Still from the film 'Sentinels'Still from the film ‘Sentinels’

 

How can generative soundscape composition enable different perspectives on forests in an era of planetary crisis? In forestscapes, a listening lab explores how sound can serve as a medium for collective inquiry into forests as living cultural landscapes.

Dr Jonathan Gray, Dr Maud Borie, Anna Smith, Angela YT Chan, Desiree Foerster, Kapil Yadav, Samantha Day, Liliana Bounegru and Andrés Saenz de Sicilia and collaborators. A collaboration between the Department of Geography, the Department of Digital Humanities, the Centre for Digital Culture, the Centre for Attention Studies, the Digital Futures Institute and the Environmental Humanities Network at King’s College London together with the Public Data Lab, with support from the UK’s Natural Environmental Research Council.

Forestscapes

 

Finally, Particle Sanctum asks how can we relate to invisible cosmic forces in the world around us. Using two cosmic ray detectors in this gallery, the projection and soundscape is a visualisation of live readings from Super-Kamiokande neutrino observatory in Japan. The work aims to make these mysterious forces from deep in the cosmos tangible, and to illustrate how digital technologies can dramatically bring together different scales of existence.

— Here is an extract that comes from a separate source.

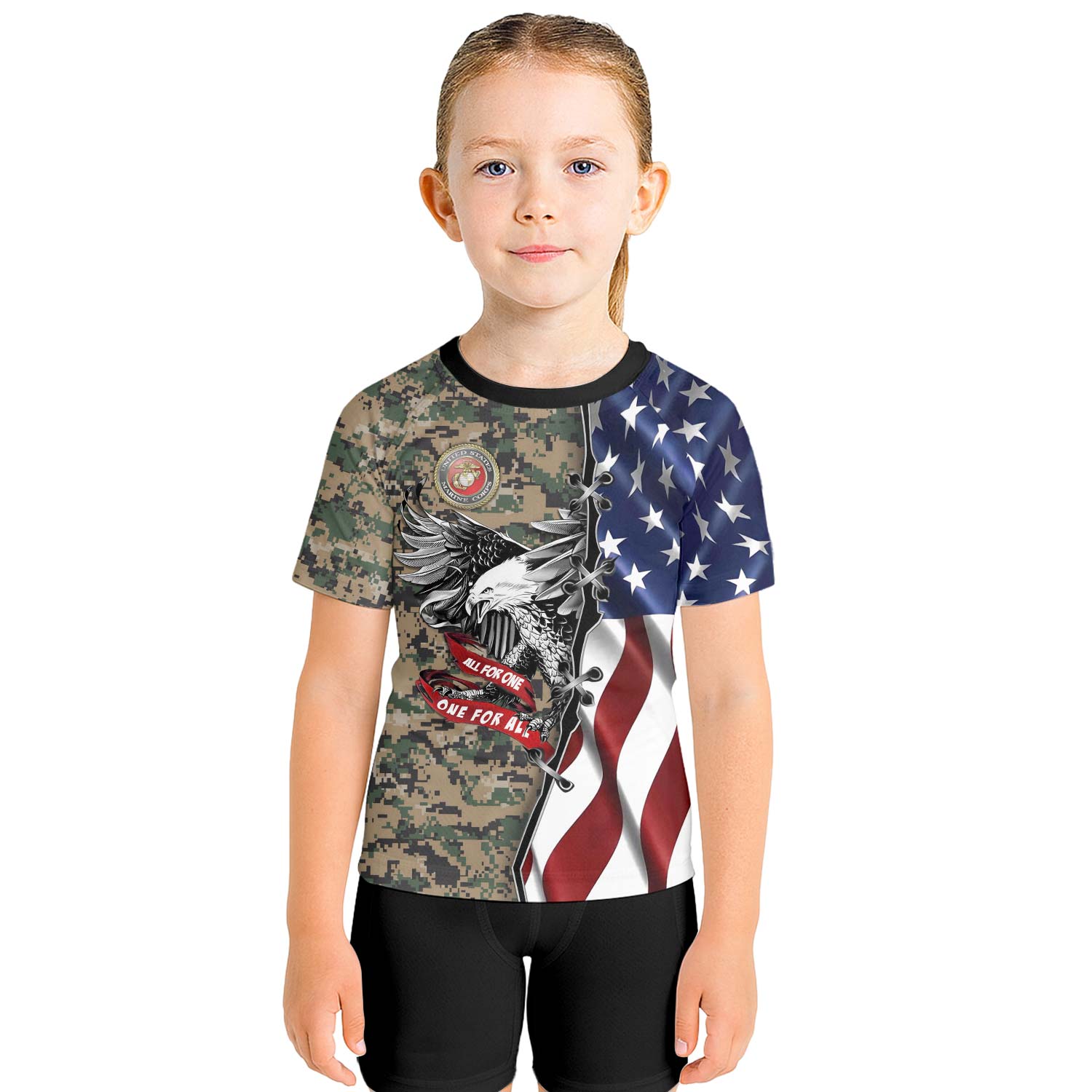 US Veteran All For One Kids Rash Guard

Dr Teppei Katori, Christo Squier, Chris Ball, Eden Morrison, Faculty of Natural, Mathematical & Engineering Sciences, King’s College London

Particle Sanctum (c) David TettParticle Sanctum (c) David Tett

Technology is simultaneously lauded for enabling and slammed for destroying human connection. This exhibition enables the viewer to explore this contradiction from the inside. Come see what you think and feel about this central issue of our times.

Professor Marion Thain, Executive Dean, Faculty of Arts & Humanities, and Chair-Director of Digital Futures Institute

The pieces in Seeking Connection: Living Well with Technology remind us that technological advancements alone will never solve the human quest for connection, and asks urgent questions about how they might best be employed to help us understand ourselves and each other. Underpinning the inventive exhibits are a set of transformative interdisciplinary research collaborations, which we are delighted to present to a new audience to generate new ideas and conversations about how we make the most of these rapidly changing digital technologies.